We bought a new refrigerator.

It wasn’t working correctly, so I pulled up the camera on my smart phone, opened the door of the fridge to snap a picture of the model number to reference when calling for assistance and before I could finish with the picture, a window pops up on my phone that says www.geappliances.com. I had to remove the window to view the screen to see the picture. Really? No way that was a coincidence!

I have had similar experiences in the past, but nothing so obvious. We have all probably experienced searching for an item on the internet and then seeing ads pop up in websites and apps for days after the search. When this first happened I was miffed, but have grown used to what I call an invasion of my personal space. I have even had conversations with folks about an item or a place and then have seen an ad show up somewhere about what we discussed. Until now, I thought this was coincidence.

After the fridge seemed to “communicate” with my phone, I have asked others what their experiences have been. I had one friend say that he had a conversation about an item and then ads began to show up on his computer about the item they had discussed. Again this appears not to be a coincidence!

Obviously, our phones we thought were for personal communications are being used for much more. My phone and the phones of some of my friends are “spying” on our activities. Recently I watched a news clip where a reporter took a couple of phones, disabled the phones to WIFI and or cell signal and drove around town. When they completed the trip they enabled the phones and captured the data that was sent by the phones. Both phones, even though not fully enabled, tracked and reported the location of the phone throughout the trip.

Privacy, apparently, has been signed away with the use of our phones or some of the apps that we install. This worries me greatly, especially in this age when some are targeted for their political beliefs. We go to great lengths to protect the privacy of voter registration, tax records, personal finance, etc. Have we signed that away with the “acceptance” of using our phones for day to day usage? Did we fully understand what we were signing away? I certainly didn’t realize that I was enabling my phone to send messages about what I was about to snap in a picture!

If someone wants to target another because of their beliefs, political affiliation, where they shop, or who they hang with, is that info now out in cyberspace for someone to abuse?

I decided to Google “Is my phone camera and microphone spying on me?” and easily found this article “Are your phone camera and microphone spying on you?” by Dylan Curran. The article says that commonly used apps like Facebook, Snapchat, Instagram, Twitter and LinkedIn — when the user grants the app access to their microphone and camera — the app has incredible access. The apps could:

1. Access both the front and back camera.

2. Record you at any time the app is in the foreground.

3. Take pictures and videos without telling you.

4. Upload the pictures and videos without telling you.

5. Upload the pictures/videos it takes immediately.

6. Run real-time face recognition to detect facial features or expressions.

7. Livestream the camera on the internet.

8. Detect if the user is on their phone alone, or watching together with a second person.

9. Upload random frames of the video stream to your web service and run a proper face recognition software which can find existing photos of you on the internet and create a 3D model based on your face.


When I was in high school, we read George Orwell’s “1984”. If you have never read the book, society is basically monitored to the point of being ridiculous with “thought police”. At the time, I thought ‘this would never happen’. Well this isn’t mind police but it appears we are being monitored by a ‘personal cell phone’.

So, I even wondered if we had gotten to the “thought police” level of spying. Inwardly laughing at myself, I began thinking of a couple of items that I would never purchase. No ads have appeared on any of my apps. Thank GOD! The thought police are not hearing what I am thinking!

I have heard people say that computer cameras should be covered with tape when not in use. You can bet that I will now heed that advice. I will also begin to look at how to make my devices private again. I will remove access to my microphone and camera to apps and will study the privacy of apps before I agree to their legal documents.
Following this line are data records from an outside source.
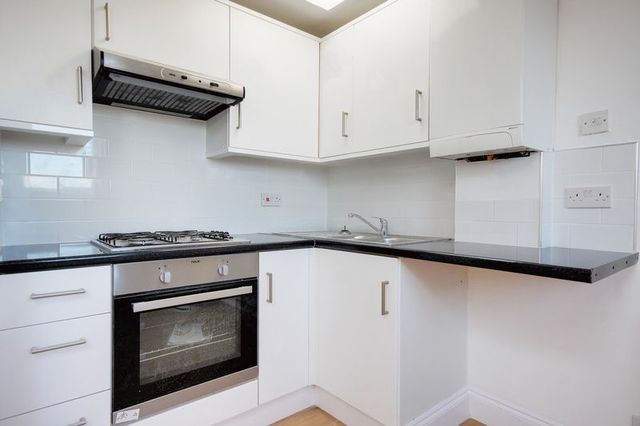  Image of 1 bedroom Flat for sale in Upper Clapton Road London E5 at Upper Clapton Road  Hackney, E5 8BQ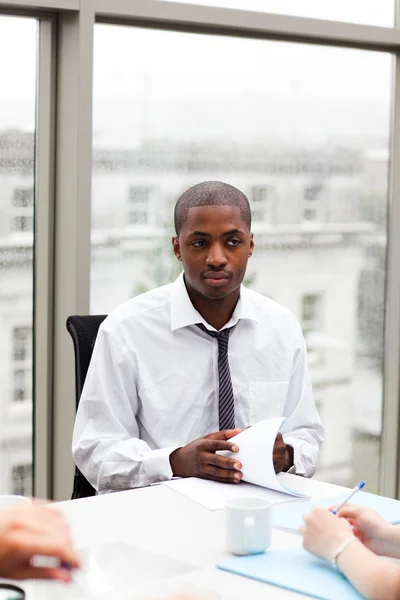 Hombre de negocios afroamericano en una reunión —  Fotos de Stock
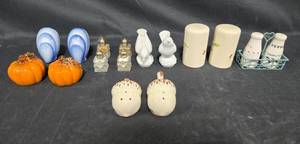 lot 256 image: Collection of Decorative Salt and Pepper Shaker Sets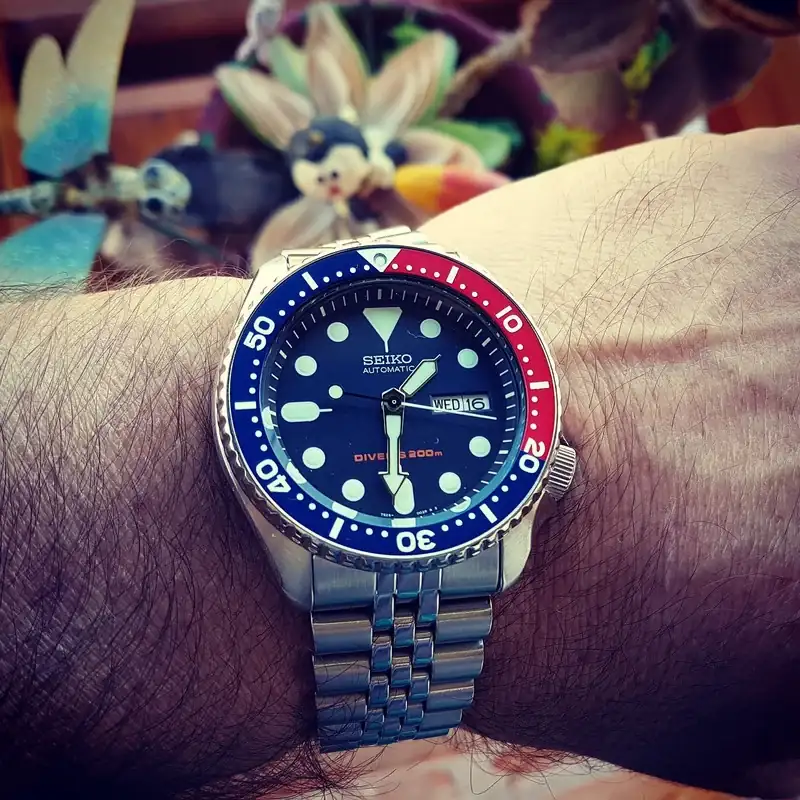 Seiko-Prospex-SKX009-Cal-7-S26-Auto-200-M-1.webp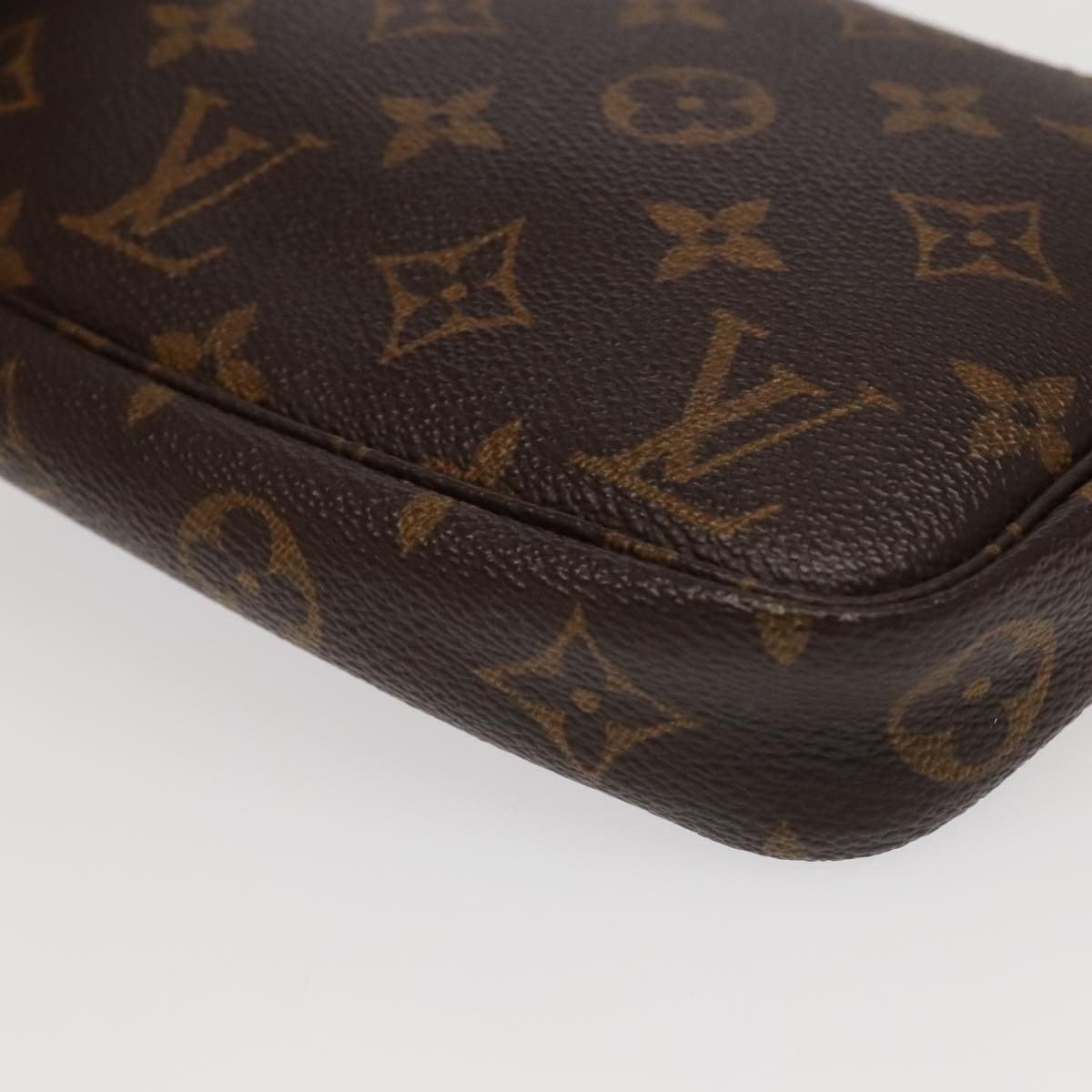 LOUIS VUITTON Monogram Pochette Accessoires Pouch M51980 LV Auth 96325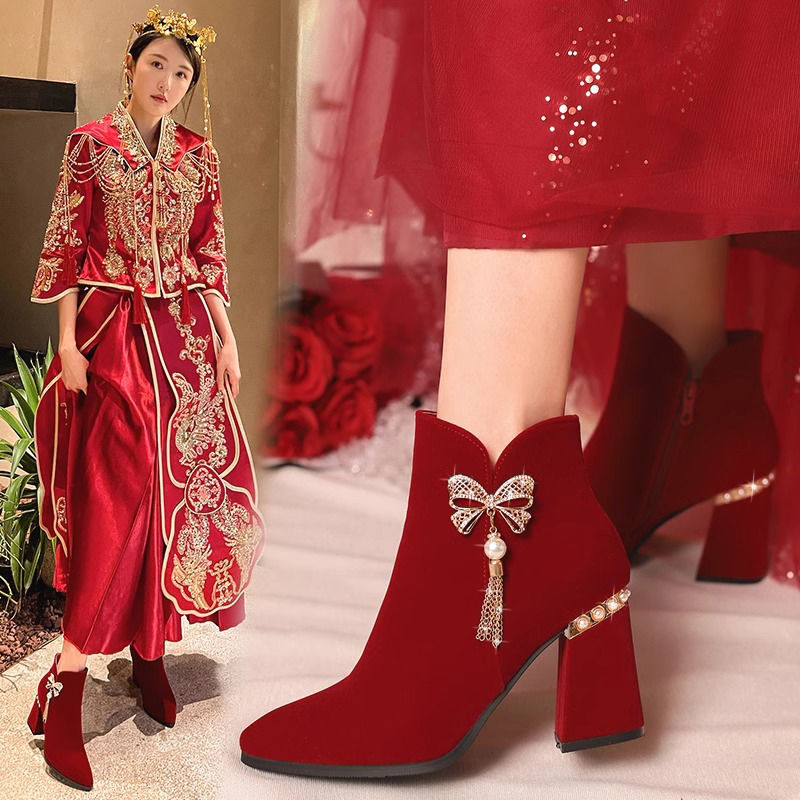 冬季婚鞋女2025新款红色高跟鞋粗跟秀禾婚纱两穿结婚新娘靴子冬天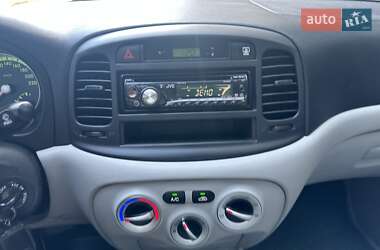 Седан Hyundai Accent 2008 в 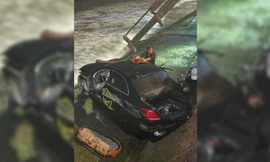 Tài xế lái xe Mercedes lao xuống biển Nha Trang ra trình diện 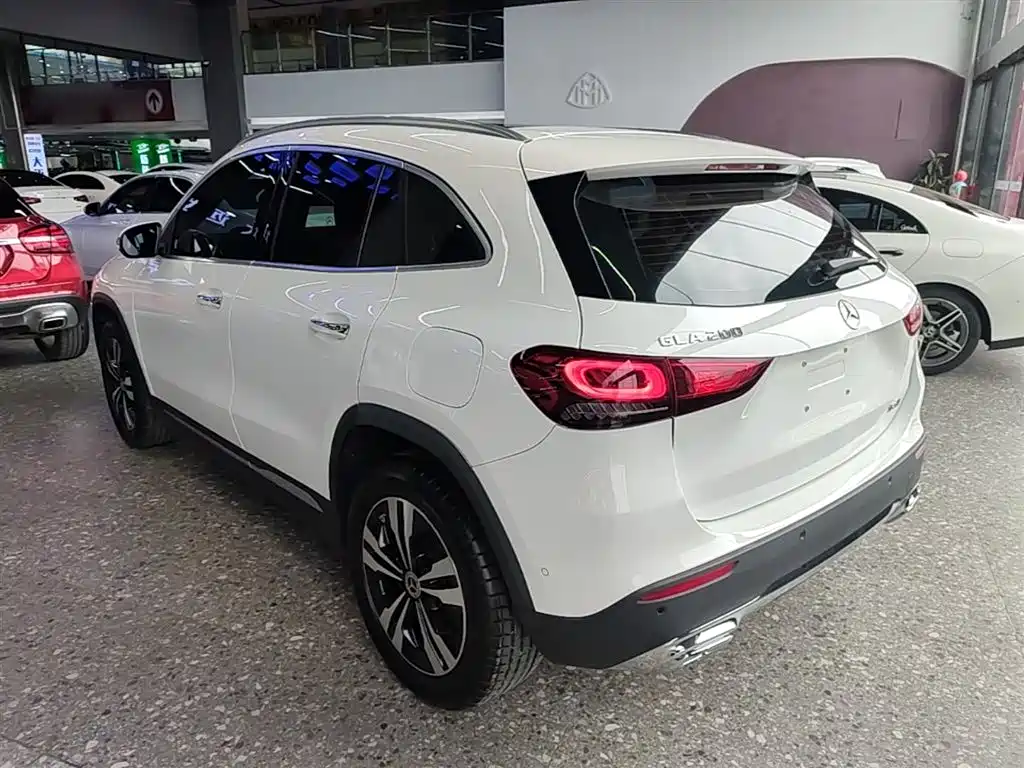 Mercedes-Benz GLA 2022 Facelift GLA 200 фото 5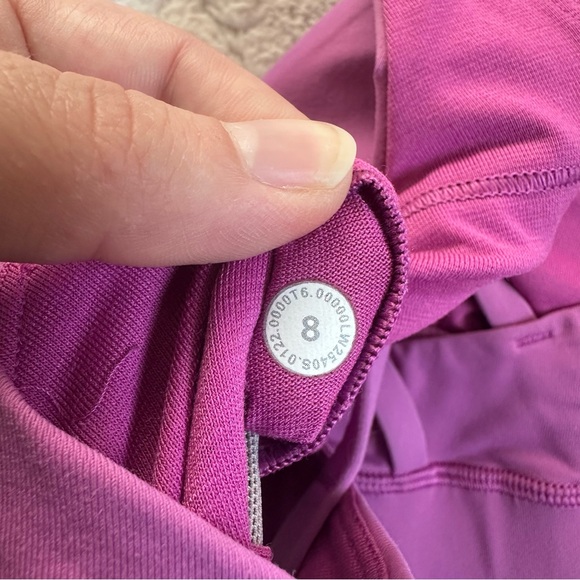 Lululemon | Raspberry (First Release) Energy Bra | Size 8 - Picture 5 of 6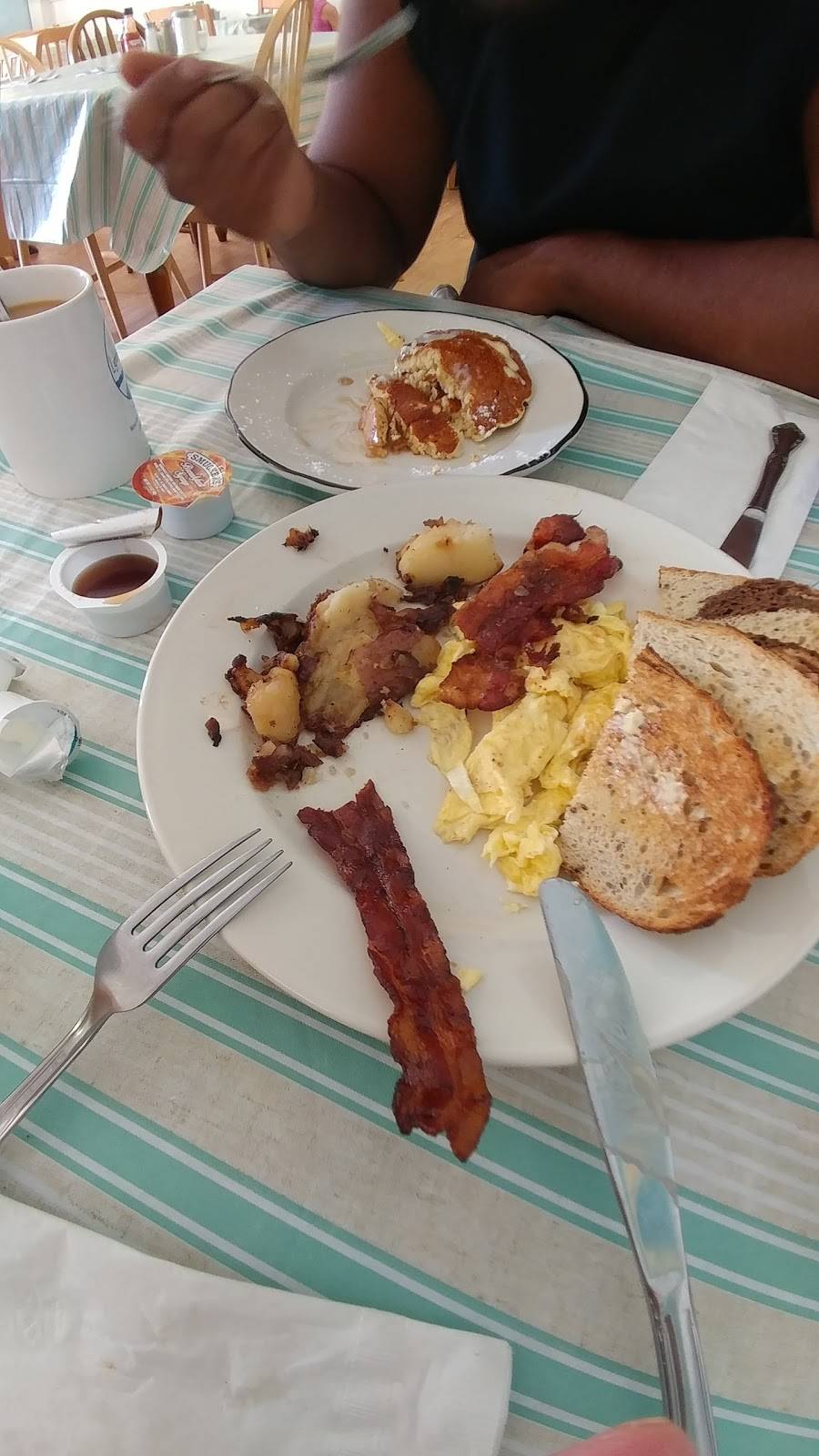 Lighthouse Cafe | cafe | 216 MA-28, West Harwich, MA 02671, USA | 5084325399 OR +1 508-432-5399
I will also research antivirus apps for my phone.

Phones are integrated into my business and my personal life. It would be a HUGE step backward to eliminate their usage. My first thought though, was to download my pics and throw the phone in the trash. I didn’t know that I was granting intrusive, unknowing access! I do take responsibility for not reading the super fine print many pages into their agreement. My reasonable self will keep the phone because it has become so necessary, but will eliminate unnecessary apps and will limit the access of the apps. I will research how to regain my private life, I suggest you do as well!